One-Step Event-Driven High-Speed Autofocus
Yuhan Bao, Shaohua Gao, Wenyong Li, Kaiwei Wang
TL;DR
The paper tackles the challenge of high-speed autofocus in dynamic scenes by introducing the Event Laplacian Product (ELP), a novel focus detection function that fuses event data with grayscale texture to enable one-step AF. By deriving a theoretical link between temporal changes and spatial Laplacian cues, and by incorporating an adaptive filter, ELP produces a sharp sign mutation at the focus position, allowing real-time cessation of focus motion without iterative searches. Empirical results on synthetic and real datasets (DAVIS346 and EVK4) show that ELP reduces focusing time by up to two-thirds and lowers focusing error by up to 24x (DAVIS346) and 22x (EVK4) compared to state-of-the-art event-driven methods, while supporting an event-only pipeline via EvTemMap. The approach robustly handles motion and low-light conditions, offering a practical, one-step AF solution for event cameras with broad applicability in robotics and vision systems.
Abstract
High-speed autofocus in extreme scenes remains a significant challenge.
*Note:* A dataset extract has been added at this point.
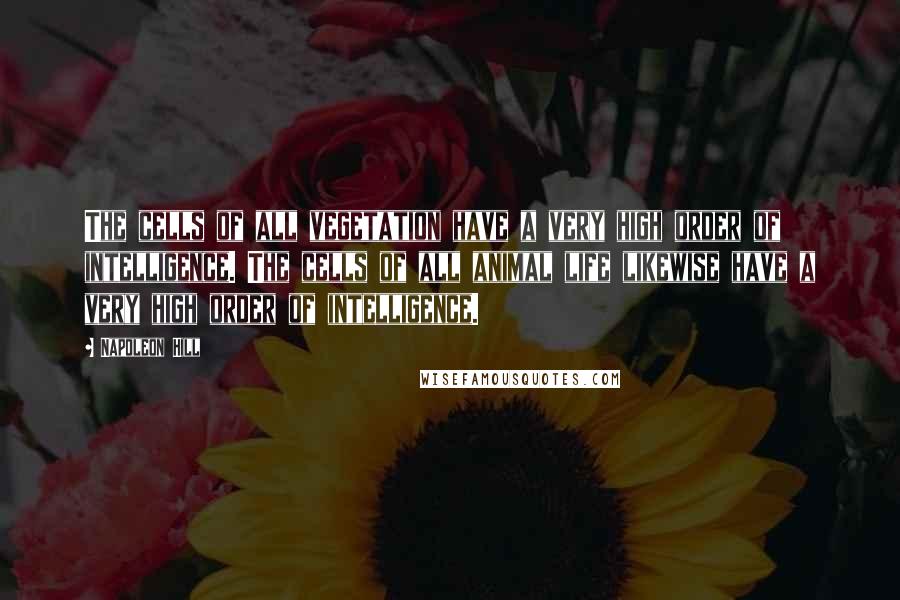 Napoleon Hill Quotes: The cells of all vegetation have a very high order of intelligence. The cells of all animal life likewise have a very high order of intelligence.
Traditional methods rely on repeated sampling around the focus position, resulting in ``focus hunting''. Event-driven methods have advanced focusing speed and improved performance in low-light conditions; however, current approaches still require at least one lengthy round of ``focus hunting'', involving the collection of a complete focus stack. We introduce the Event Laplacian Product (ELP) focus detection function, which combines event data with grayscale Laplacian information, redefining focus search as a detection task. This innovation enables the first one-step event-driven autofocus, cutting focusing time by up to two-thirds and reducing focusing error by 24 times on the DAVIS346 dataset and 22 times on the EVK4 dataset. Additionally, we present an autofocus pipeline tailored for event-only cameras, achieving accurate results across a range of challenging motion and lighting conditions. All datasets and code will be made publicly available.